A thought-provoking meditation on the connections between landscape, race, and family
It was on his third or fourth trip there that the poet C. S. Giscombe grew aware of the space Canada had staked out in his imagination. Giscombe later spent a winter with his family in British Columbia, and his time there provides a lens through which he interrogates his preoccupation with Canada's otherness. Giscombe writes that "border crossings are always sexy. And racial." And so this book is filled with both actual and metaphoric exploration--and his travels serve as points of departure for a series of riffs on racial, national, physical, and psychological borders.
At the heart of this book is the author's ambivalent pursuit of John Robert Giscome, a man who may or may not be a relative. John R., as Giscombe calls him, was a black Jamaican explorer who flourished in British Columbia during the last half of the nineteenth century. Giscombe documents the places that John R. passed through, and he uncovers stories about mining, pioneer life, and even cannibalism. Giscombe likes to imagine John R. as a "self-aware outsider," and that status comes to seem more important--more interesting--than any historical truth.
Into and Out of Dislocation is an intriguing and wryly told travel memoir by a writer Henry Louis Gates called a "major figure in contemporary African American letters."
This book functions in so many ways that I expect to read it multiple times. It is a memoir, yes, but also a history of sorts, and a travelogue, moving as it does between parts of the U.S., Canada, and Jamaica. It deals with heritage, race, and domestic intimacies. Its honesty is moving. Most of all, though, I find this book to be about memory--memory in its various personal and social dimensions, memory as obsessive and looping through overlapping iterations. Memory as a form of fidelity and uncertainty.

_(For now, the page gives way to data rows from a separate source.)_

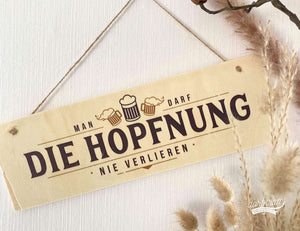 Dekoschild Holzschild Bier lustiges Schild Geschenk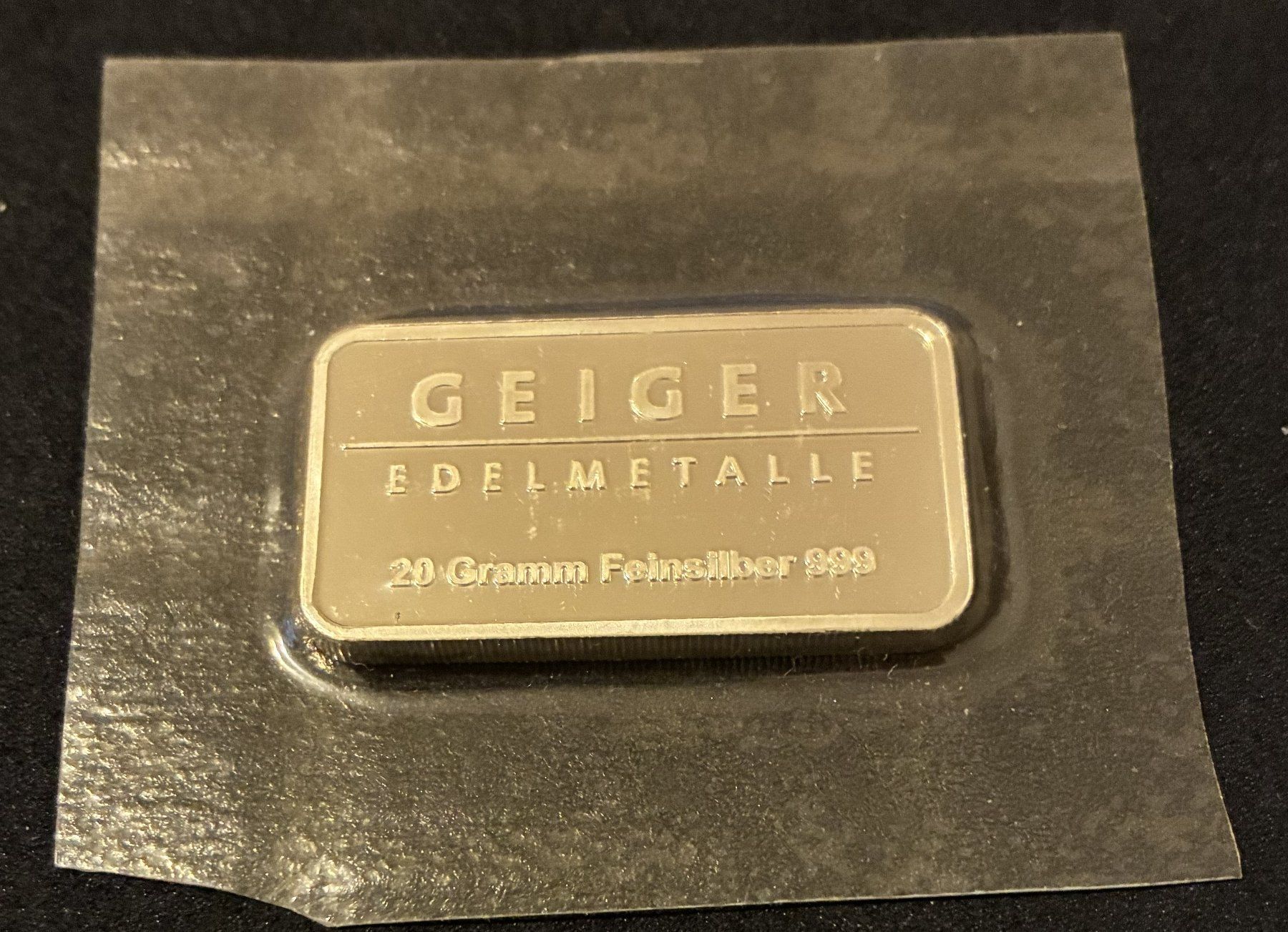 Métaux précieux: 20g Geiger 999er Silber Barre – D'occasion à Köniz par Habenix 2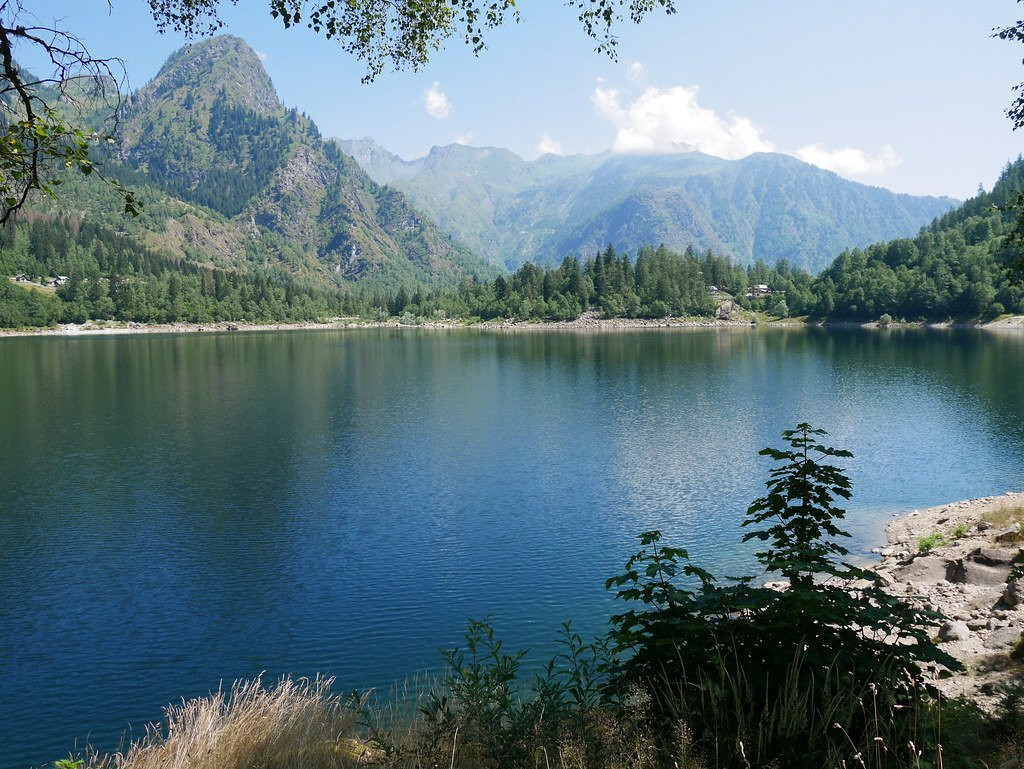Cascata del Sejont sul Lago Antrona景点图片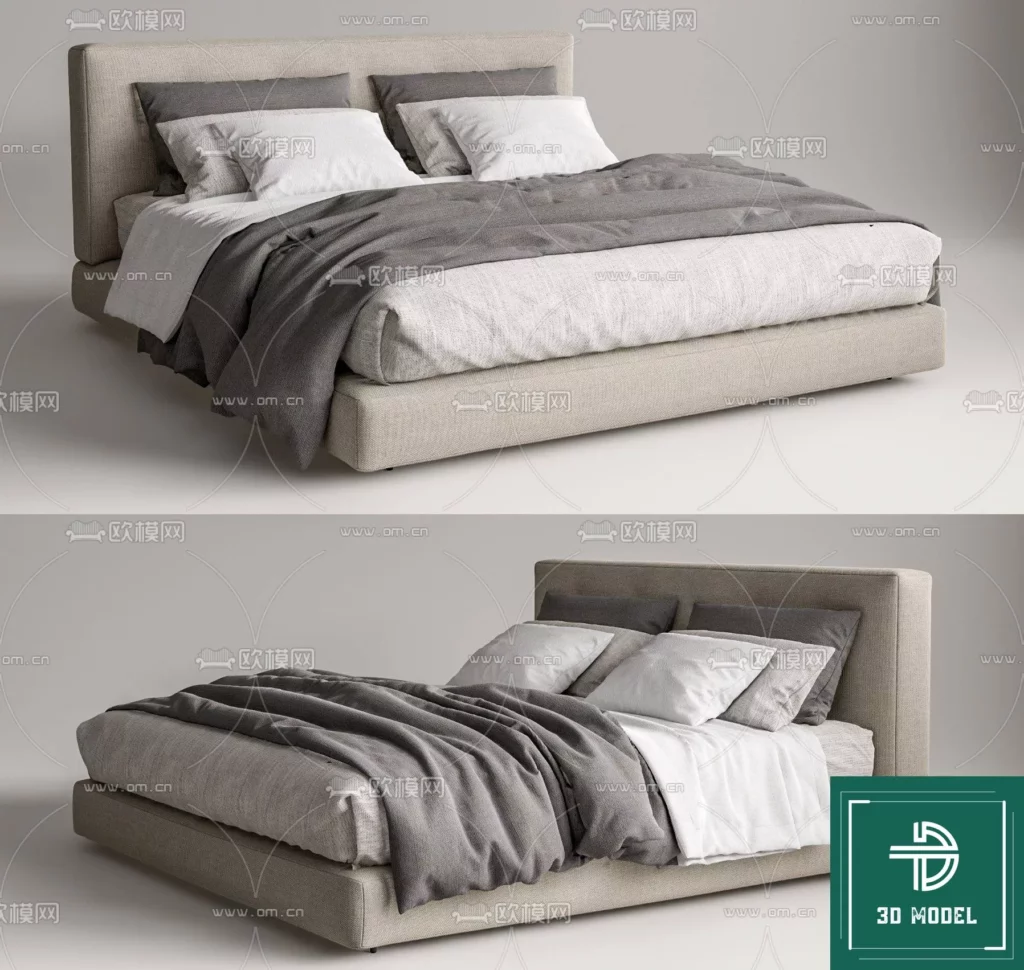 MODERN BED – SKETCHUP 3D MODEL – VRAY OR ENSCAPE – ID01729 | SketchUp Store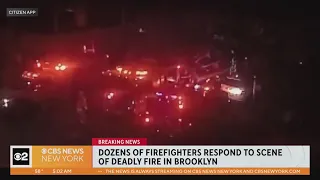 Woman dead, children hospitalized after overnight fire in Brooklyn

I have a better sense of his poetics; good discussion of the connection of blood relationships to geography, and how you can pass through a country, leave your name on a locale, but still be invisible depending on how the history is written which depends on who you are and who is doing the writing about you.
(4.4/5.0) No, my professor didn't assign his own book in class. Yes, I read it off the curriculum, and, more importantly, I genuinely enjoyed it. Informative and, as Giscombe always puts it "promiscuous," Into and Out of Dislocation wanders into some marvelous territory.